PROVIDED DATA:
[Start of Attachment]

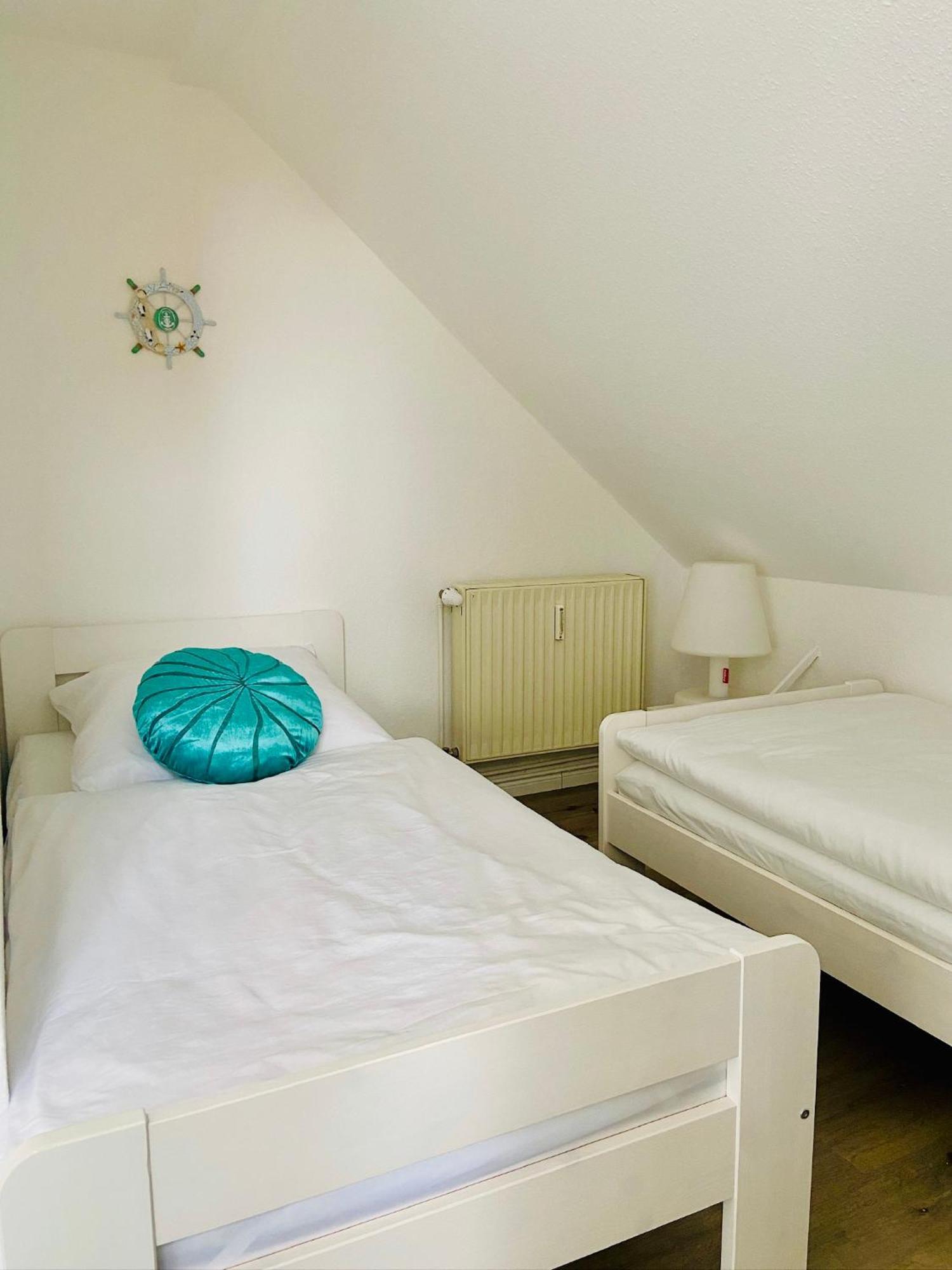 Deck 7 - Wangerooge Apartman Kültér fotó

[End of Attachment]
[Start of Attachment]

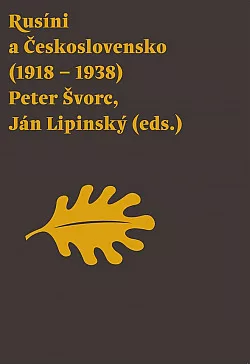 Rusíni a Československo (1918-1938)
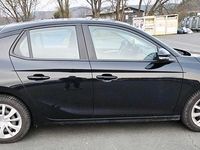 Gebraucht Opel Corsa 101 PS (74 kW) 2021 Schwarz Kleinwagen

[End of Attachment]

REQUIRED WORK:
Exact copy, no pictures. Write out the lines in the entries above, starting with the line with "Rusíni a Československo (1918-1938)" and going on through the line with "Gebraucht Opel Corsa", keeping both.

OUTPUT OF THE TASK:
 Rusíni a Československo (1918-1938)
 Gebraucht Opel Corsa 101 PS (74 kW) 2021 Schwarz Kleinwagen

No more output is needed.